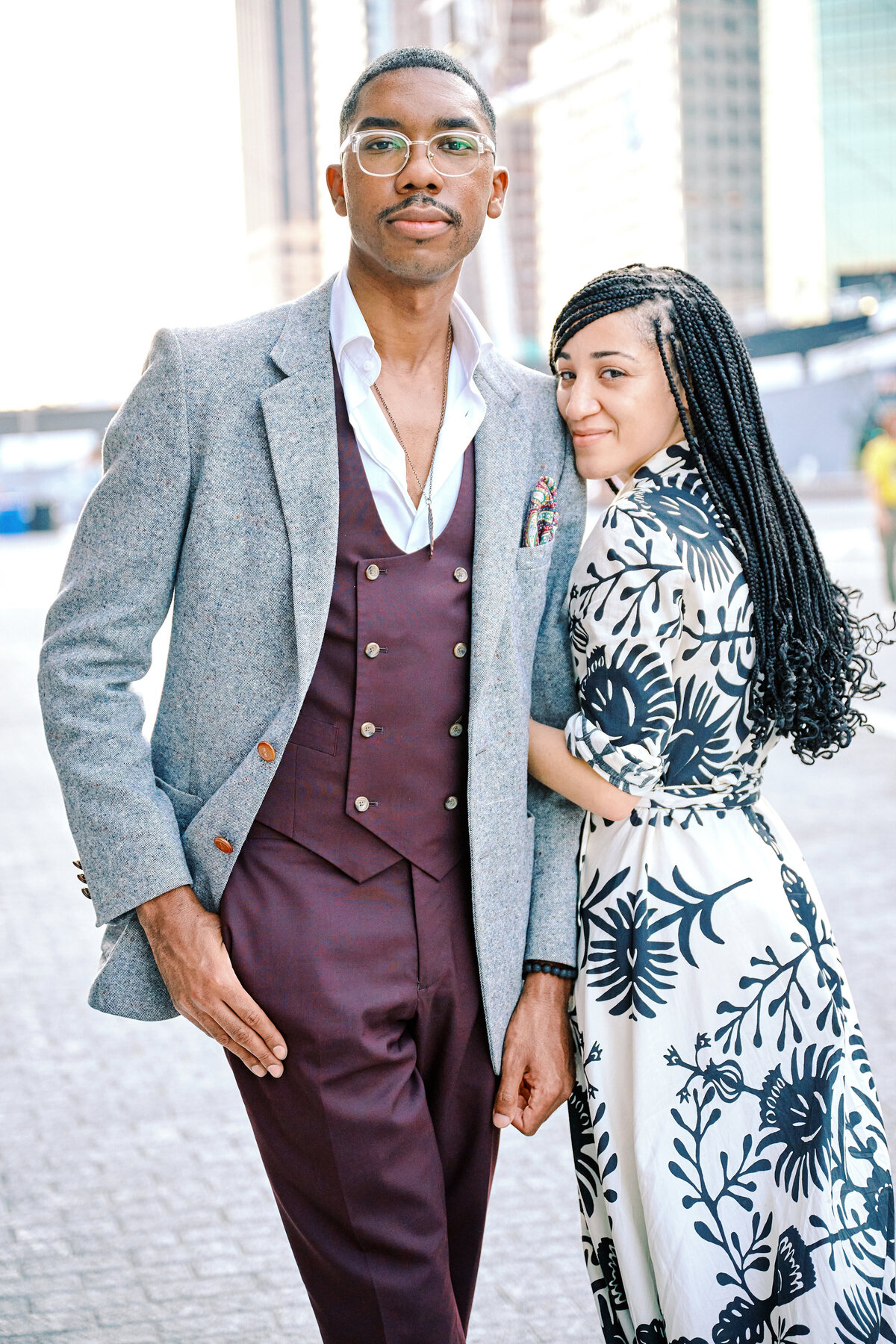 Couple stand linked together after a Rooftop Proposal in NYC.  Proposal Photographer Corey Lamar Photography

* * *

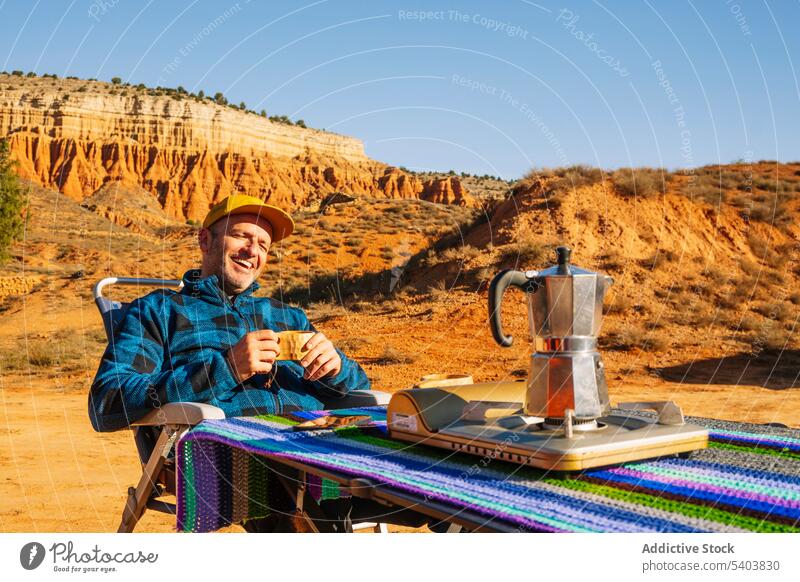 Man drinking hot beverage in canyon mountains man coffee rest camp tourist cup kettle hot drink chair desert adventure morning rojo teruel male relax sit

* * *

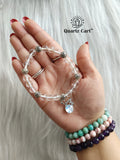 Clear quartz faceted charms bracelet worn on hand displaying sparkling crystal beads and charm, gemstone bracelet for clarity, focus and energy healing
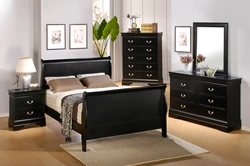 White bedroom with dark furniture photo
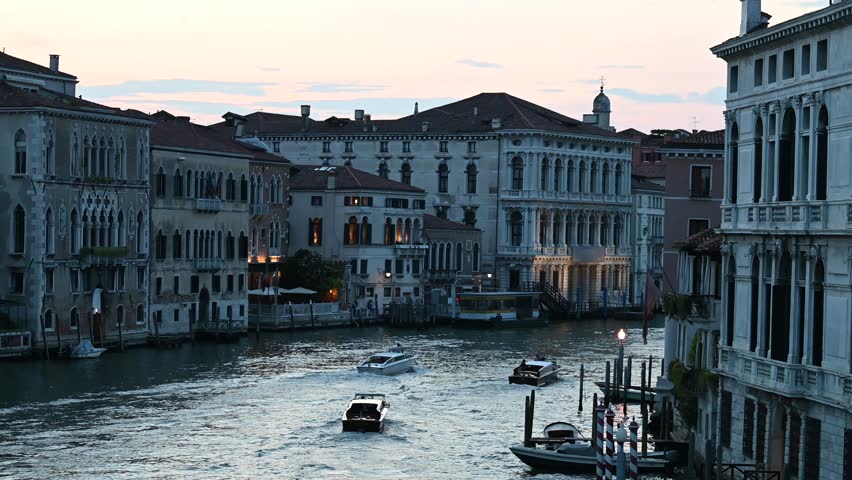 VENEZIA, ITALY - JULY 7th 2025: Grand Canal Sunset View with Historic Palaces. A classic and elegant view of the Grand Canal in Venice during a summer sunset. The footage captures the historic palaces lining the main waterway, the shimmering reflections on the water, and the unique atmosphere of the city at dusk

What is expected:
Copy word for word the lines of the records above from the one with "Clear quartz faceted" up to and including the one with "VENEZIA, ITALY - JULY". Skip the pictures.

Response for this exercise:
 Clear quartz faceted charms bracelet worn on hand displaying sparkling crystal beads and charm, gemstone bracelet for clarity, focus and energy healing
 White bedroom with dark furniture photo
 VENEZIA, ITALY - JULY 7th 2025: Grand Canal Sunset View with Historic Palaces. A classic and elegant view of the Grand Canal in Venice during a summer sunset. The footage captures the historic palaces lining the main waterway, the shimmering reflections on the water, and the unique atmosphere of the city at dusk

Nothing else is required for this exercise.